You can use Transformers to inspect how a tokenizer works directly

If you want to truly understand tokens, the most effective approach is not to memorize definitions but to run tokenization yourself. The original article uses transformers and torch as dependencies and relies on a local Qwen2 tokenizer to perform segmentation, ID conversion, counting, and decoding.

pip install transformers torch

This command installs the core dependencies required for tokenization and inference experiments.

The Python example below walks through the full token generation process

from transformers import AutoTokenizer

# Load a local tokenizer; replace the name with your actual directory or model name
tokenizer = AutoTokenizer.from_pretrained("Qwen2_tokenizer")

# Text to process, mixing Chinese, punctuation, and English to make segmentation differences easier to observe
text = "你好，我是cool。
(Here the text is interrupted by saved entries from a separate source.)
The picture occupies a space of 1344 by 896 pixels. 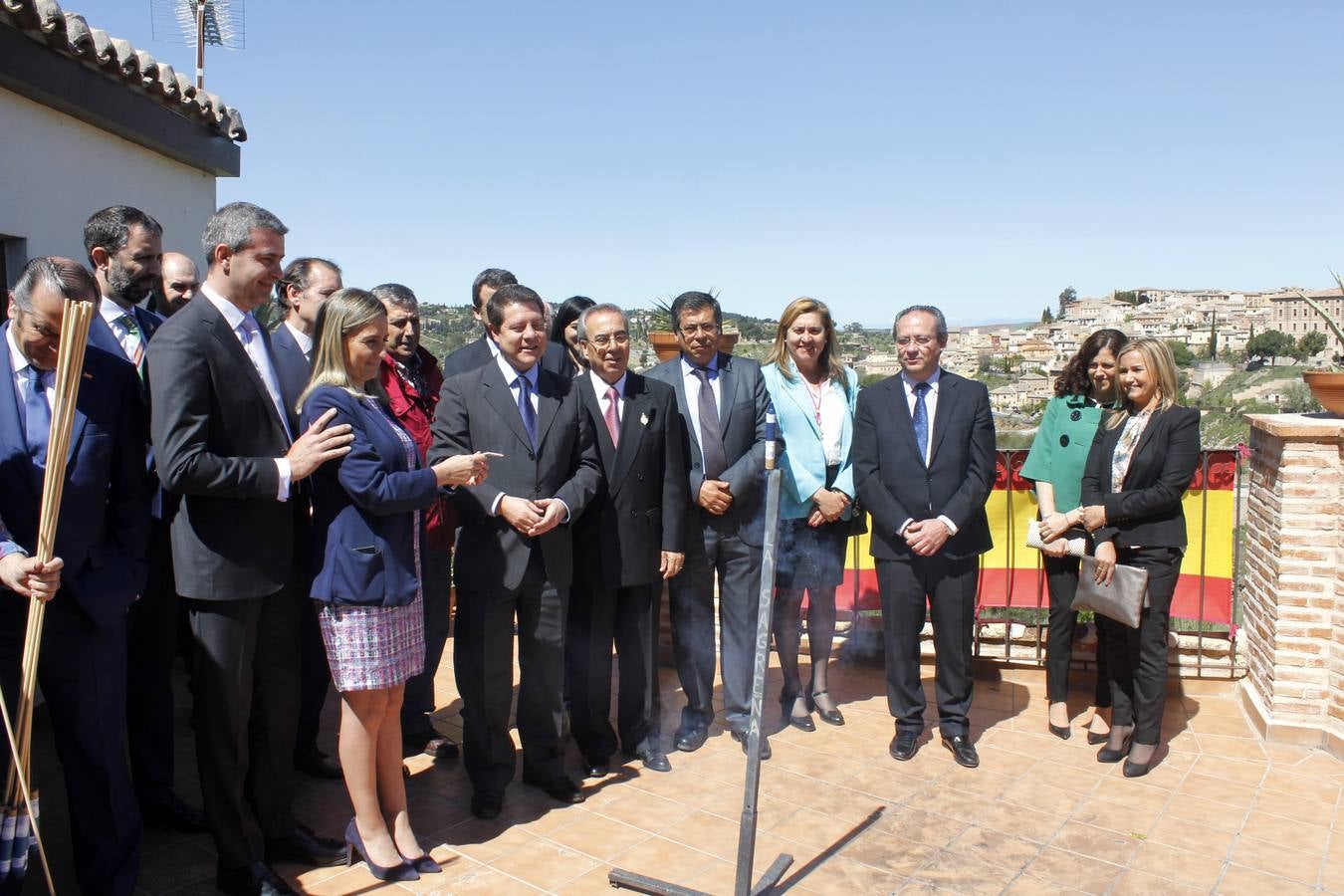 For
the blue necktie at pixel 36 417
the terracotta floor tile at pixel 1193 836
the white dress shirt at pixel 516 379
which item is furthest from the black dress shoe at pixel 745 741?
the blue necktie at pixel 36 417

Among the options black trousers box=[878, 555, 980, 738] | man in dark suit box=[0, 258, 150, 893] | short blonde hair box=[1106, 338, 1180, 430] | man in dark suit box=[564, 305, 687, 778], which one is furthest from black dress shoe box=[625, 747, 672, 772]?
short blonde hair box=[1106, 338, 1180, 430]

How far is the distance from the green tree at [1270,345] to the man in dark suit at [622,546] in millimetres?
28188

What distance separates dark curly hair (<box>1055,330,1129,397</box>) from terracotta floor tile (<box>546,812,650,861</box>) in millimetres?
2955

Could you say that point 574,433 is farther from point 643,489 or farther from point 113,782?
point 113,782

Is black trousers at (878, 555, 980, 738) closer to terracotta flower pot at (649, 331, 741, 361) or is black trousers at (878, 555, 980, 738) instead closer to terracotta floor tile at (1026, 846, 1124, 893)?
terracotta floor tile at (1026, 846, 1124, 893)

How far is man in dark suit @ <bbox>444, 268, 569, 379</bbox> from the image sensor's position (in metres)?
4.69

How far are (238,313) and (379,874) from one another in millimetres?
1934

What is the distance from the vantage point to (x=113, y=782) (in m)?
2.95

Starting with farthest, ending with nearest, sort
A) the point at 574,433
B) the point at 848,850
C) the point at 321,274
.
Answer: the point at 321,274
the point at 574,433
the point at 848,850

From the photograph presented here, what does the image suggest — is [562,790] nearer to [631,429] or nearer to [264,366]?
[631,429]

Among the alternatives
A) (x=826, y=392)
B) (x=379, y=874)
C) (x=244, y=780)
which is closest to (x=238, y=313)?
(x=244, y=780)

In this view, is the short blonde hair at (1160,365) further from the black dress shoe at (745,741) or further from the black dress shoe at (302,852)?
the black dress shoe at (302,852)

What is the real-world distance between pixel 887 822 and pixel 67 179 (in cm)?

"

# Step 1: Run tokenization to get a list of tokens in string form
bpe_tokens = tokenizer.tokenize(text)
print("Original tokens:", bpe_tokens)

# Step 2: Convert tokens into integer IDs from the vocabulary
# The model accepts numbers, not raw natural language text
token_ids = tokenizer.convert_tokens_to_ids(bpe_tokens)
print("Token IDs:", token_ids)

# Step 3: Decode each token one by one to inspect the readable fragment each token represents
decoded_parts = []
for token in bpe_tokens:
    token_id = tokenizer.convert_tokens_to_ids(token)  # Convert a single token to an ID
    piece = tokenizer.decode([token_id])               # Decode a single ID back to a text fragment
    decoded_parts.append(piece)

print("Segmentation result:", decoded_parts)

# Step 4: Count the number of tokens for length and cost analysis
count = len(token_ids)
print("Total tokens:", count)

# Step 5: Decode the full ID sequence back into text to verify reversibility
print("Decoded result:", tokenizer.decode(token_ids))

This code covers the four key actions of a tokenizer: segmentation, indexing, counting, and decoding.

This code helps you see what actually happens before text reaches the model

tokenize() splits text into subword units, convert_tokens_to_ids() maps text symbols into integers, and decode() performs the reverse check to verify whether those IDs can be reconstructed into readable text. This workflow is the standard preprocessing pipeline that natural language goes through before entering the model.

This experiment is also useful in prompt engineering. You can use it to compare the token cost of different phrasings and find prompt templates that remain clear while consuming fewer tokens.

Developers should optimize context first instead of blindly compressing output

In real projects, the most common waste usually does not come from the answer. It comes from the input. Lengthy system prompts, repeated history messages, and unstructured multi-turn context often consume far more tokens than the output itself.

A more effective strategy is to compress system prompts, summarize prior conversation, constrain response formats, and trim retrieved content on demand. Focus your optimization on high-information-density input instead of simply chasing shorter text.

FAQ

Why does the same sentence have a different token count in different models?

Because different models use different tokenizers, vocabularies, and segmentation rules. Even when the meaning is identical, the resulting token sequence and length can differ significantly.

What is the relationship between tokens, character counts, and word counts?

There is no fixed one-to-one mapping. A token is an internal segmentation unit used by the model. It may represent one character, part of a word, a word stem, or even punctuation.

How can I quickly reduce token cost in development?

Start by removing redundant system instructions, compressing conversation history, limiting output length, and summarizing retrieval results. These methods are usually more effective than simply shortening the user’s question.

Core summary: This article explains token definitions, segmentation rules, billing mechanics, and optimization strategies in clear language. It also demonstrates the full workflow of tokenization, ID conversion, counting, and decoding with Python and Transformers, helping developers quickly understand the cost structure behind LLM inputs and outputs.